● **ACTIVITY**: All of the listing, from first line to last, should be output exactly; the pictures stay out.

*** Opening STORED DATA ***

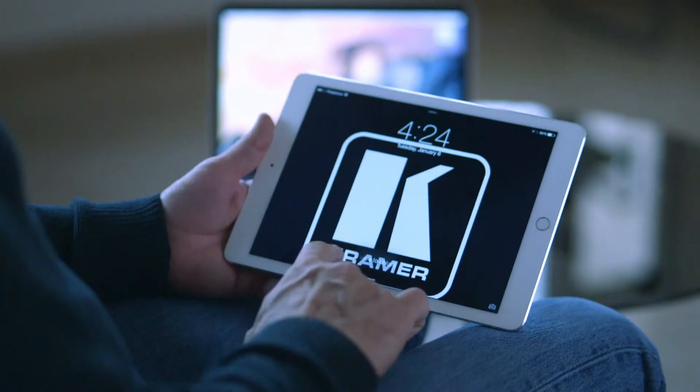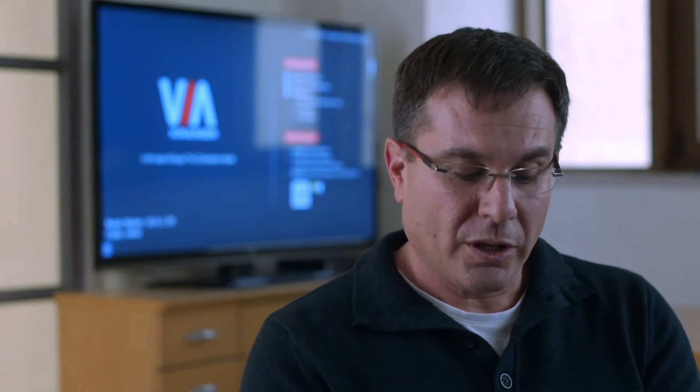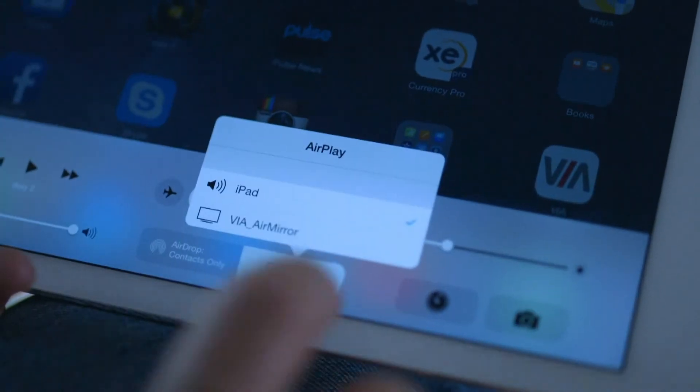Hi Nina, indeed. We've added the iOS mirroring feature to the Via Collage and it's very easy to use. Let me show you how it works. You simply make sure that your iOS device is on the same network, you hit on the AirPlay icon, and that's it. Your screen is now mirrored on the main display. So everything you do on your iPad, we can actually see it real-time on the main screen.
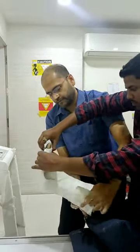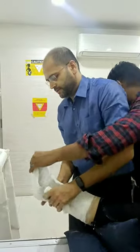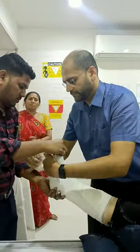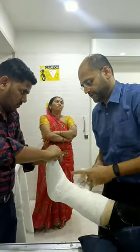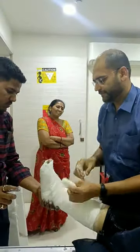Various materials have been used to immobilize limbs since antiquity. Use of plaster of Paris for this purpose started since the mid 19th century. Plaster of Paris is a hydrated form of calcium sulphate which is derived by heating gypsum. When it is mixed with water while applying plaster, it gives out heat and quickly sets to a hard porous mass within 5 to 15 minutes.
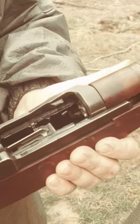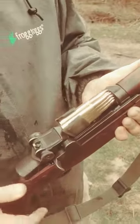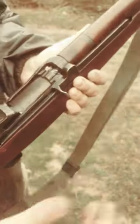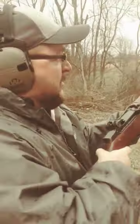Pull your action back like that. This is an en bloc clip, and what you do with these is you take it and you put it in this little slot right here. Then you slip it down inside there and then run your bolt forward. Here's your safety on this thing right here. Put your safety forward, ready to go.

*** Closing STORED DATA ***

● **RESULT OF THIS TASK**:
Hi Nina, indeed. We've added the iOS mirroring feature to the Via Collage and it's very easy to use. Let me show you how it works. You simply make sure that your iOS device is on the same network, you hit on the AirPlay icon, and that's it. Your screen is now mirrored on the main display. So everything you do on your iPad, we can actually see it real-time on the main screen.
Various materials have been used to immobilize limbs since antiquity. Use of plaster of Paris for this purpose started since the mid 19th century. Plaster of Paris is a hydrated form of calcium sulphate which is derived by heating gypsum. When it is mixed with water while applying plaster, it gives out heat and quickly sets to a hard porous mass within 5 to 15 minutes.
Pull your action back like that. This is an en bloc clip, and what you do with these is you take it and you put it in this little slot right here. Then you slip it down inside there and then run your bolt forward. Here's your safety on this thing right here. Put your safety forward, ready to go.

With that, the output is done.